Konsekuensinya, reaksi-reaksi yang seharusnya dilakukan terhadap tanda-tanda yang diberikan oleh instrumen utama dapat berubah secara cepat ke reaksi-reaksi otomatis atau refleks yang bersifat primitif. Suatu reaksi alamiah bila seseorang mulai menjadi takut dan panik. Selanjutnya dapat diperkirakan bahwa yang bersangkutan bisa membuat kesalahan dalam mengambil tindakan vital atau paling esensial.
2. Kelelahan dan fleksibilitas dalam pengambilan keputusan.
Pengambilan keputusan merupakan salah satu mata rantai yang penting dalam tindakan penerbangan. Lebih-lebih bila penerbang menghadapi situasi darurat. Kondisi kelelahan yang dialami penerbang dapat mengakibatkan dampak yang sangat merugikan di bidang ini.
Dalam keadaan lelah, pangambilan keputusan cenderung kaku. Penerbang menjadi tidak fleksibel dalam mengamati berbagai alternatif tindakan yang paling aman. Keadaan ini selanjutnya akan menimbulkan dampak yang berlawanan dari apa yang diharapkan, dan tentunya dapat berakibat fatal.
3. Kelelahan dan "End Deterioration".
Efek kelelahan lainnya yang menarik untuk diamati adalah kekeliruan atau kesalahan-kesalahan yang muncul bila penerbang mulai mendekati atau memasuki tempat pendaratan. Efek ini sering disebut "end deterioration". Suatu kecenderungan kegagalan penerbang yang meningkat pada tahap-tahap akhir penerbangan. Interpretasi dari efek ini ialah kelelahan penerbang yang tak tertahan lagi untuk rileks atau beristirahat bila pesawat terbang mendekati akhir penerbangan.

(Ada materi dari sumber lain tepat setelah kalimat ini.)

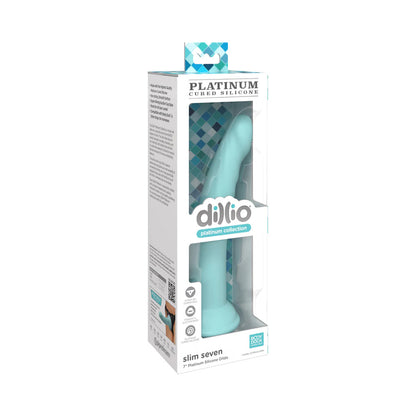 Dillio Platinum Slim Seven Silicone Dildo 7 In. Teal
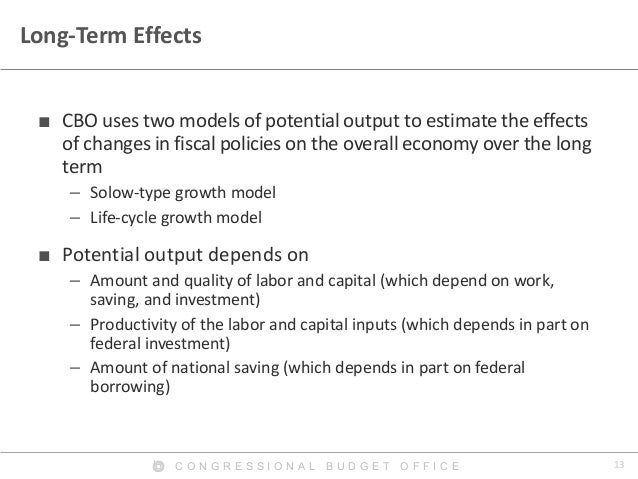 13C O N G R E S S I O N A L B U D G E T O F F I C E
Long-Term Effects
■ CBO uses two models of potential output to estimat...
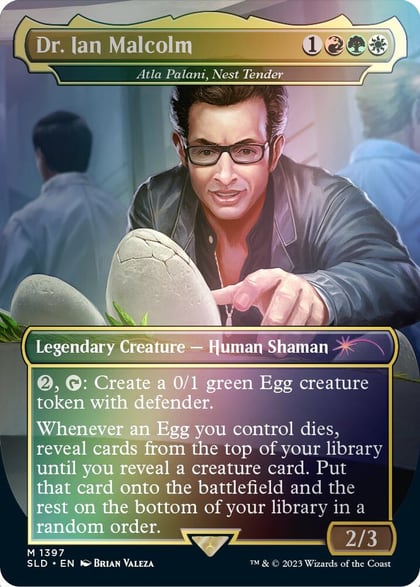 Dr. Ian Malcolm - Atla Palani, Nest Tender (Rainbow Foil), Secret Lair Drop Series 1397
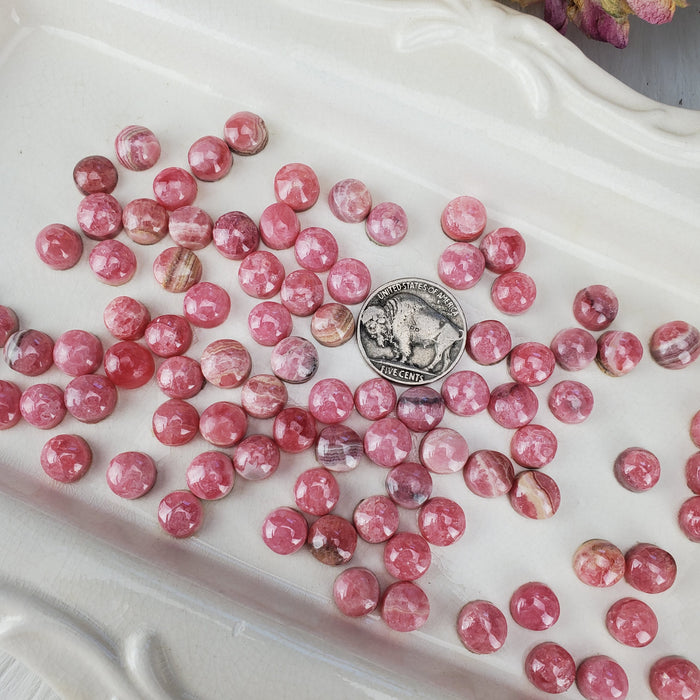 Rhodochrosite Round Cabochons, ~8mm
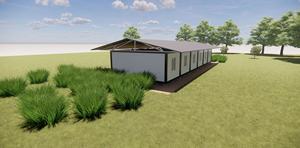Maison préfabriquée en acier à toit en pente de 20 pieds, assemblage rapide, design méditerranéen, pour logement du personnel de parc extérieur, école, hôtel - Product Image 3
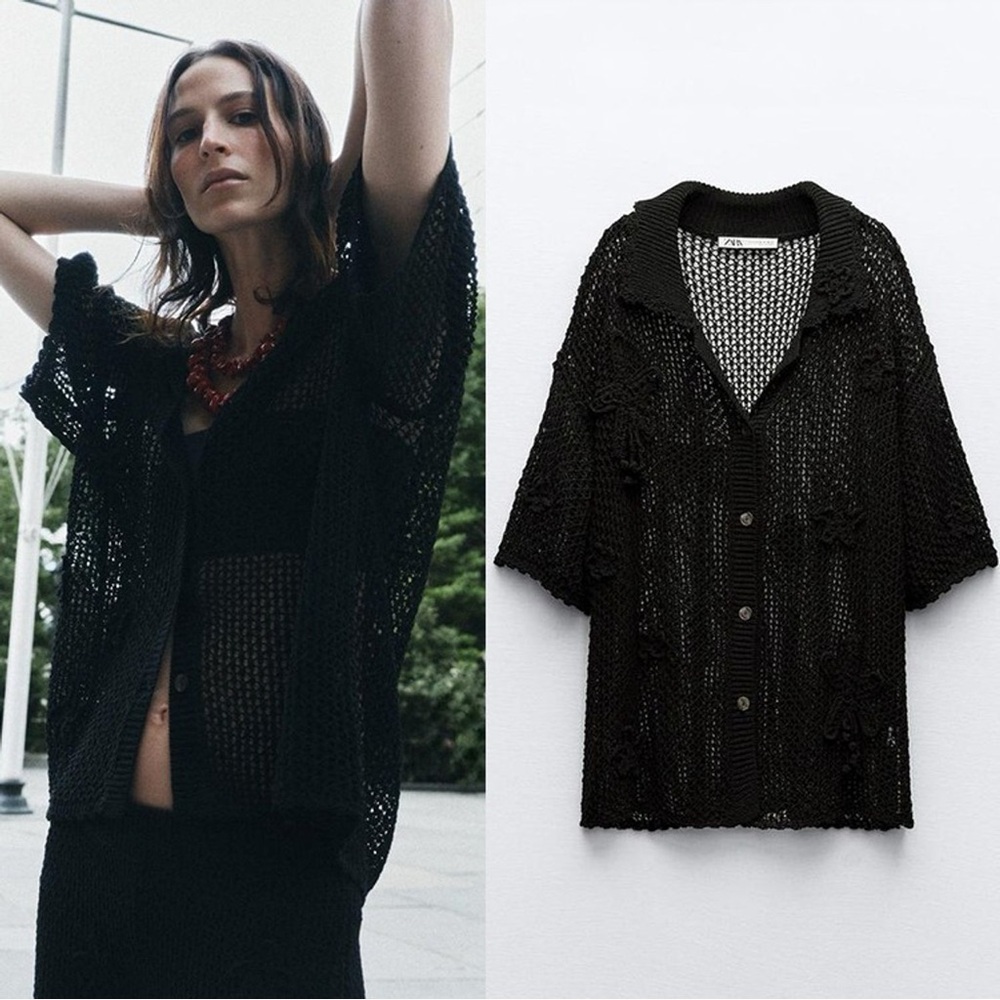 NWT Zara Black Open Knit Button Up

4. Kelelahan dan "Series of error".
Efek kelelahan tidak saja mengakibatkan kecelakaan pada akhir suatu sorti penerbangan. Kondisi ini bisa juga terjadi ketika lepas landas atau tak berapa lama setelah lepas landas. Hal ini biasanya disebabkan oleh suatu seri kesalahan ("series of error") sejak persiapan penerbangan saat masih di darat. Dari suatu misi penerbangan yang panjang, para awak pesawat tiba dengan selamat di suatu pangkalan untuk beristirahat dan keesokan harinya akan melanjutkan penerbangan, mungkin melakukan penerbangan untuk kembali ke home base, atau melanjutkan penerbangan ke pangkalan terdepan dalam misi operasi lainnya.